• _YOUR TASK_
Please return each of the entries exactly, minus their pictures.

• _DATASET RECORDS_
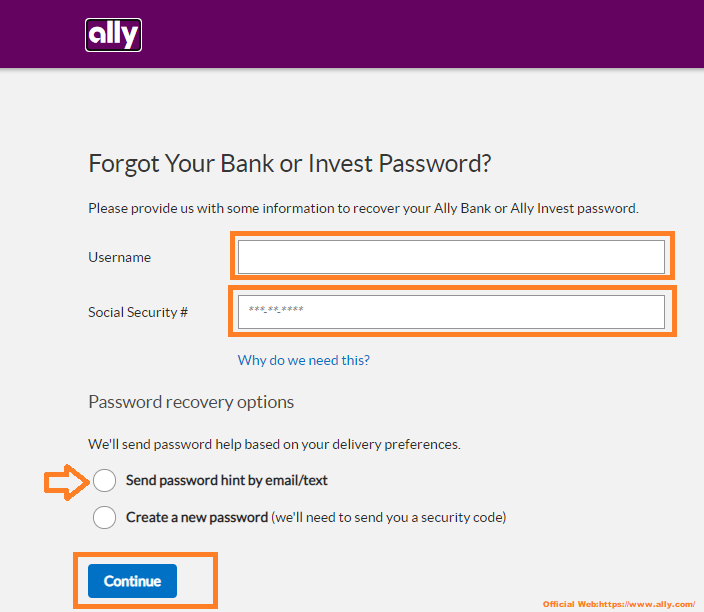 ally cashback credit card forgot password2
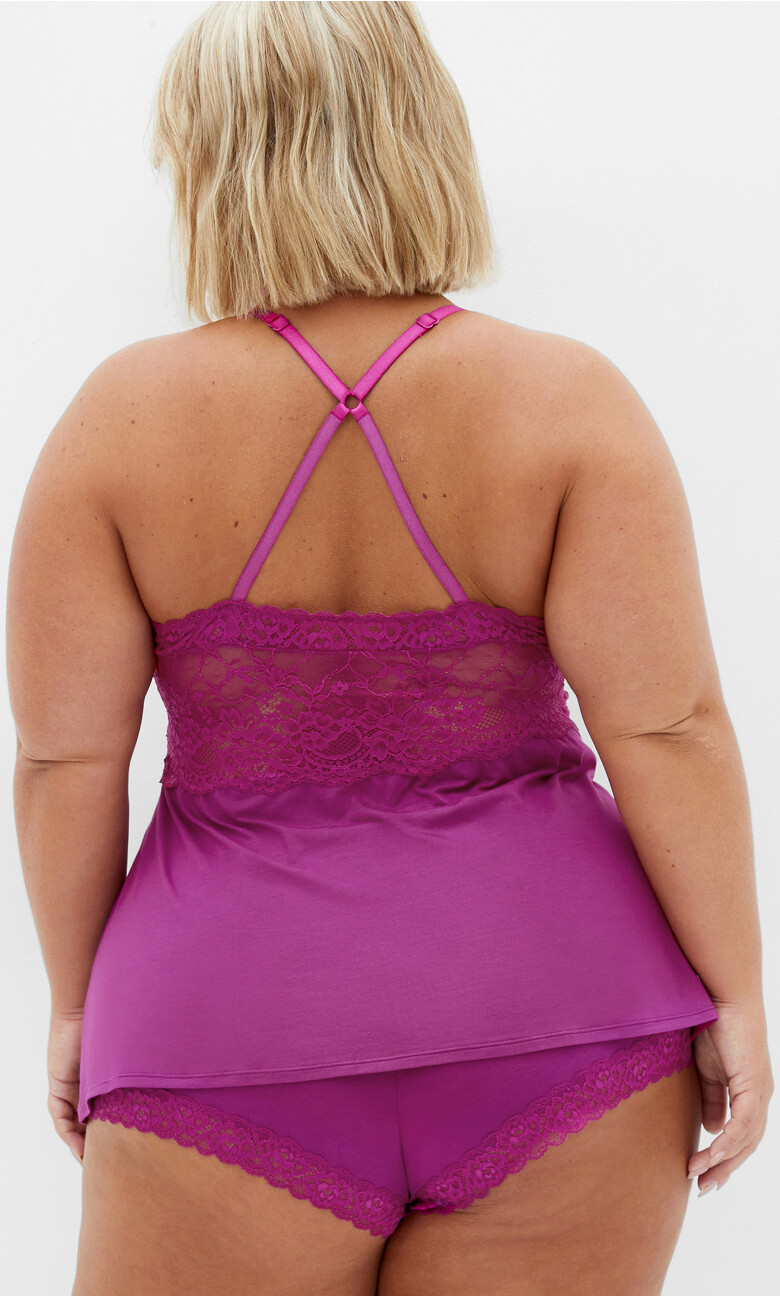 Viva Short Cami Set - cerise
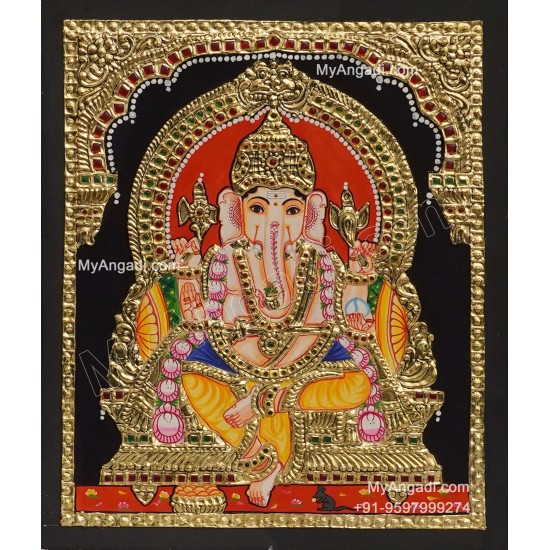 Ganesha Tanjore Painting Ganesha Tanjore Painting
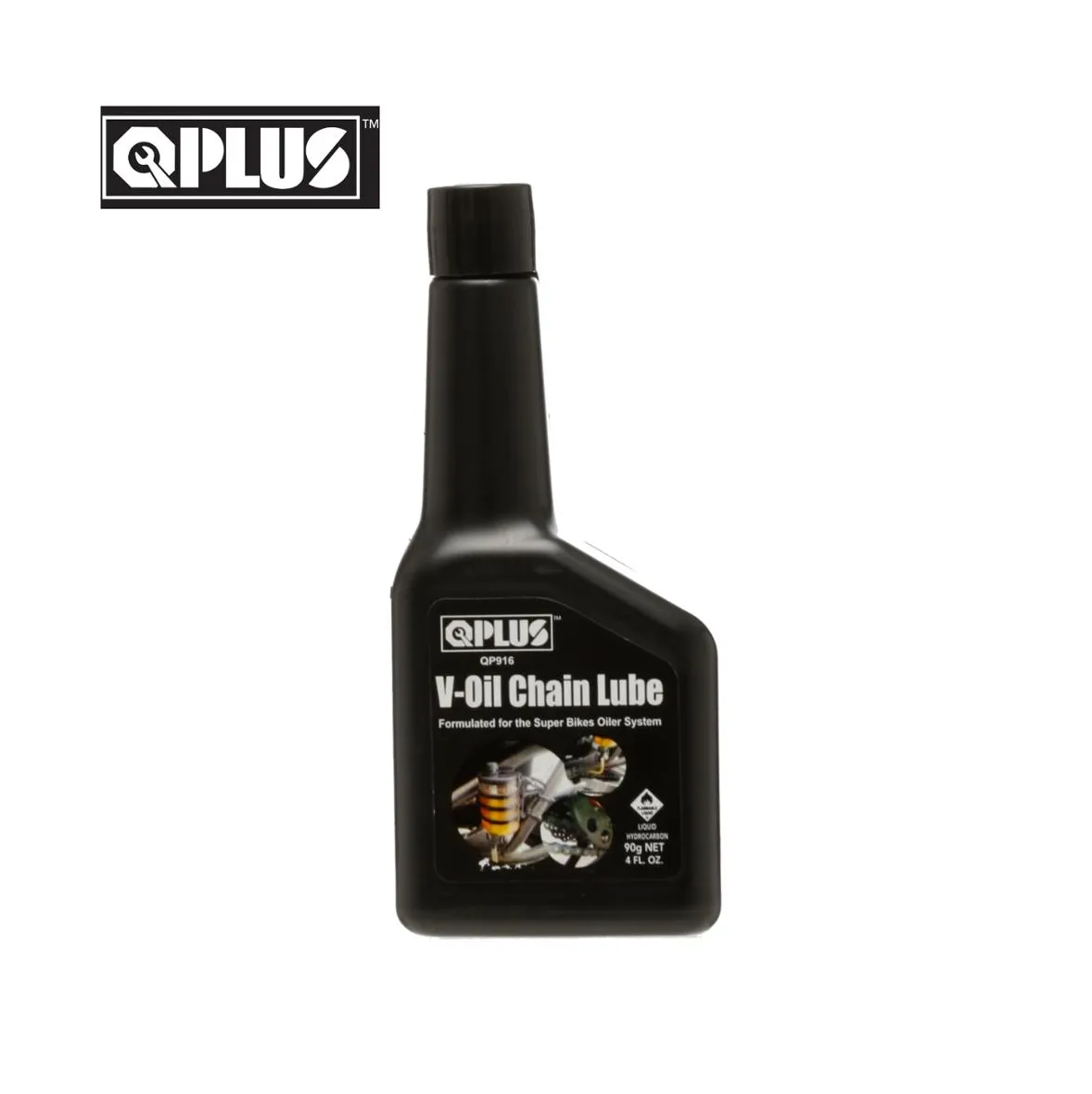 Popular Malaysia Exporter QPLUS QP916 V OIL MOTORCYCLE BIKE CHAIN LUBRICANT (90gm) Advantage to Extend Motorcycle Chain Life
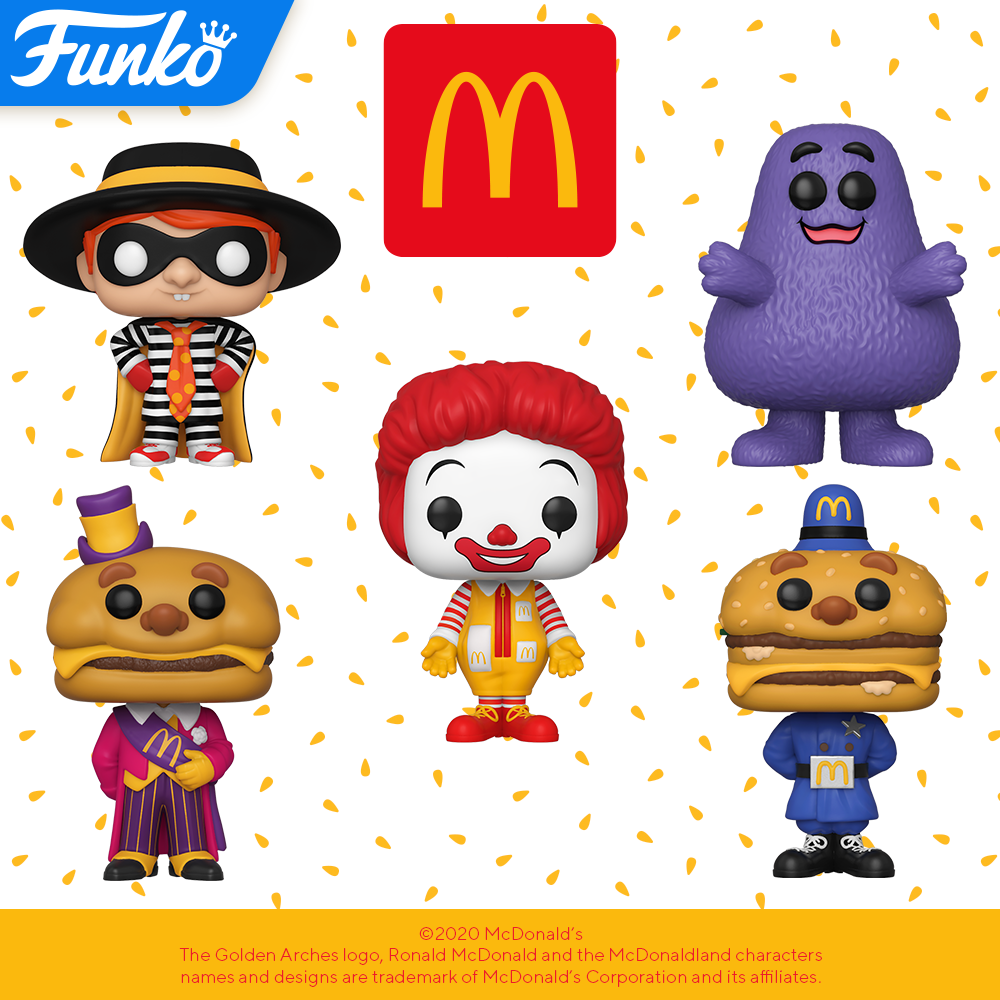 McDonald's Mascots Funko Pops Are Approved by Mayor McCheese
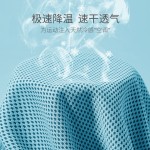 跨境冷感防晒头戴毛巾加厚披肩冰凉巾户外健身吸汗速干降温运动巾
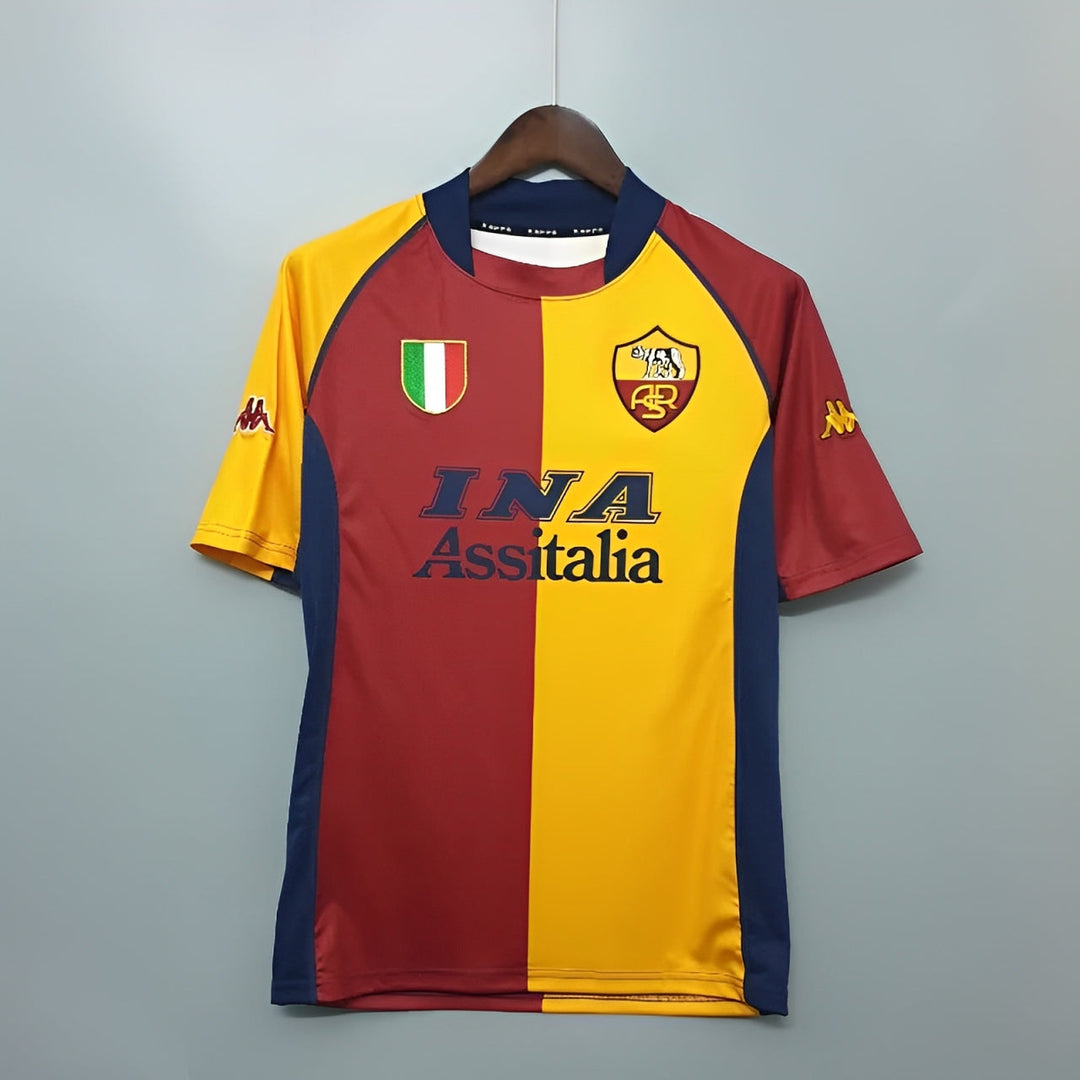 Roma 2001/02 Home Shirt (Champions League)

• _RESULT OF THIS EXERCISE_
 ally cashback credit card forgot password2
 Viva Short Cami Set - cerise
 Ganesha Tanjore Painting Ganesha Tanjore Painting
 Popular Malaysia Exporter QPLUS QP916 V OIL MOTORCYCLE BIKE CHAIN LUBRICANT (90gm) Advantage to Extend Motorcycle Chain Life
 McDonald's Mascots Funko Pops Are Approved by Mayor McCheese
 跨境冷感防晒头戴毛巾加厚披肩冰凉巾户外健身吸汗速干降温运动巾
 Roma 2001/02 Home Shirt (Champions League)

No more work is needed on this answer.